- **Task description**:
Once the line containing "For RentHouseLadkrabang, Suwannaphum" has been printed, stop; print every line before it exactly, starting at the top of the material below.

- **Extracted entries**:
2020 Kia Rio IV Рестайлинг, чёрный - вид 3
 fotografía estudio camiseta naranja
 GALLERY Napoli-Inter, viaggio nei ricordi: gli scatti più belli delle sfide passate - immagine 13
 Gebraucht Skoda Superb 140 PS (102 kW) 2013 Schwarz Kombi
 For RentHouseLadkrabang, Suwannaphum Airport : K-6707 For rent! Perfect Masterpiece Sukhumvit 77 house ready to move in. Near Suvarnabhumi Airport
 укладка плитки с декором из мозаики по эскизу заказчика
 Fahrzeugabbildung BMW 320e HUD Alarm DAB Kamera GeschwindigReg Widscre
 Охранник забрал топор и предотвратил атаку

- **Your response**:
2020 Kia Rio IV Рестайлинг, чёрный - вид 3
 fotografía estudio camiseta naranja
 GALLERY Napoli-Inter, viaggio nei ricordi: gli scatti più belli delle sfide passate - immagine 13
 Gebraucht Skoda Superb 140 PS (102 kW) 2013 Schwarz Kombi
 For RentHouseLadkrabang, Suwannaphum Airport : K-6707 For rent! Perfect Masterpiece Sukhumvit 77 house ready to move in. Near Suvarnabhumi Airport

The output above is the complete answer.